Catholic World News

Vatican newspaper laments international ‘education emergency’

September 05, 2025

The Vatican newspaper decried the international decline in the number of children attending school, linking the decrease to cuts in international aid.

In “Emergenza istruzione“ [Education emergency], the most prominent front-page article in its September 4 edition, the newspaper reported that “approximately 6 million more children will be out of school by the end of 2026, due to drastic cuts in global education funding.”

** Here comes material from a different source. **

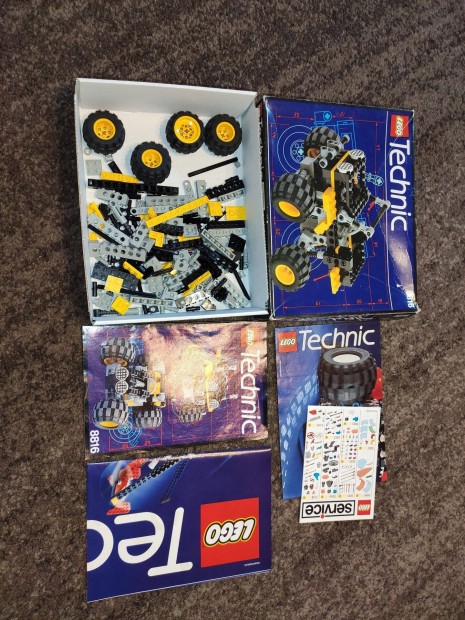 LEGO 8816 Technic - Off-Road Rambler dobozzal, lerssal, poszterrel,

Roberto Paglialonga wrote that “the future begins today, not tomorrow, they say, in a quote also attributed to Saint John Paul II. Yet, for many boys and girls, it may never begin. Because they are deprived of one of the most precious human goods: the opportunity to learn, understand, build relationships with teachers, peers, and friends, and embrace the destiny to which each of us feels called.”

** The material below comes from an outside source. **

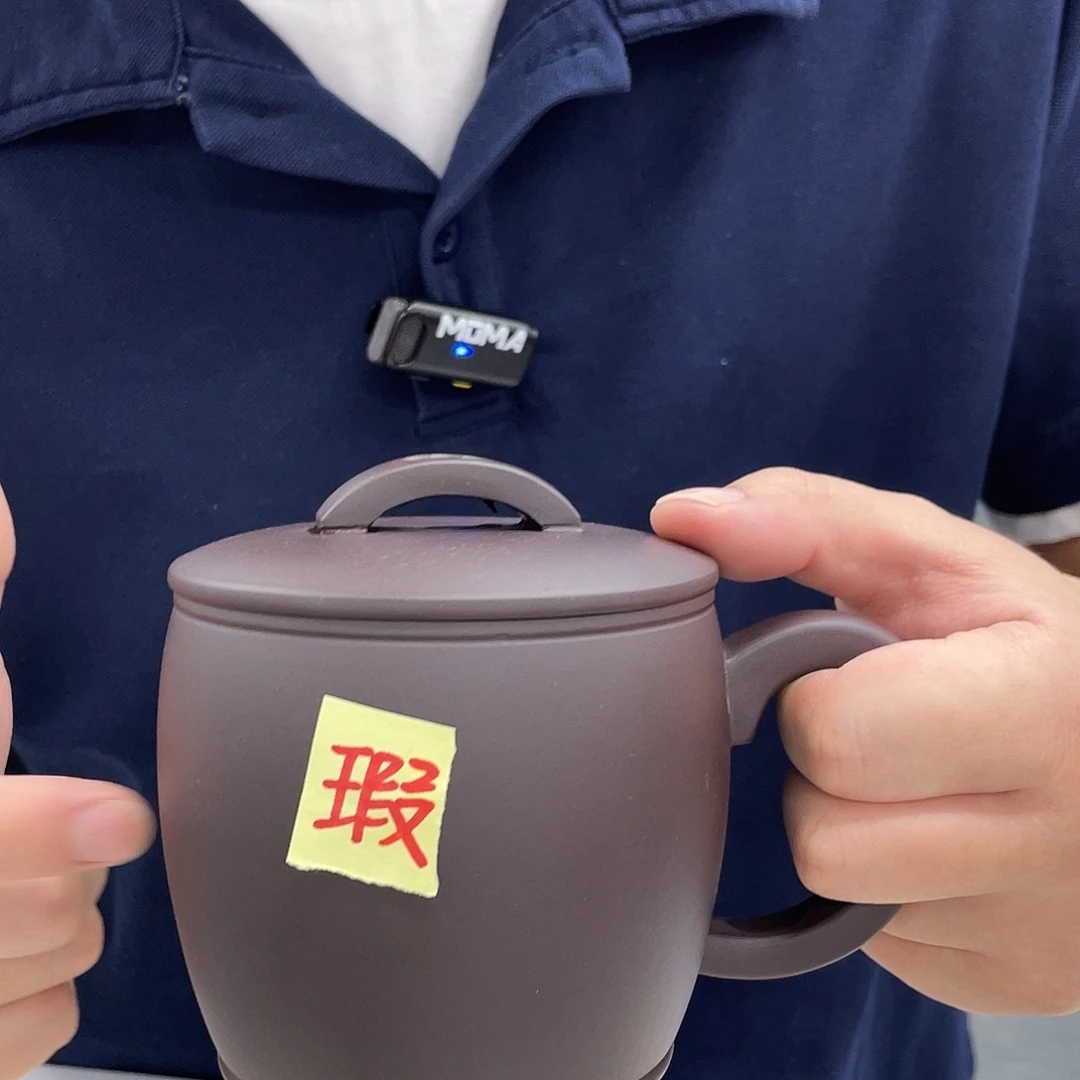 茶杯紫砂紫砂盖杯汉瓦微瑕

Citing a new report by the United Nations International Children’s Emergency Fund (UNICEF), Paglialonga said that “official development assistance for education is projected to decrease by US$3.2 billion, a 24% drop compared to 2023, with nearly 80% of the cuts being caused by just three donor governments.”

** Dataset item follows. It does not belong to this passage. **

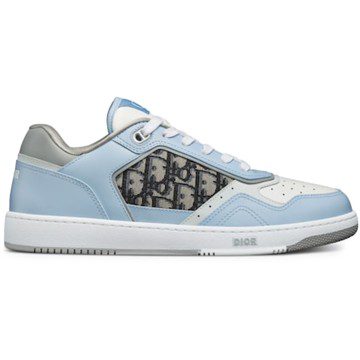 Dior B27 Low Light Blue White and Dior Gray Smooth Calfskin with Beige and Black Dior Oblique Jacquard (3SN272ZIR_H580)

“West and Central Africa will suffer the greatest impact, with 1.9 million children at risk, while the Middle East and North Africa could see an increase of 1.4 million out-of-school children,” he continued. “Approximately 350,000 Rohingya children risk permanently losing access to basic education.”

Paglialonga concluded:

Every dollar taken away from this sector—as UNICEF Executive Director Catherine Russell warns—“is not just a budgetary decision: it puts a child’s future at risk.” And therefore, society’s. Thus eliminating any possibility of “educating the human heart” and introducing it to “total reality,” as the priest and educator Father Luigi Giussani maintained.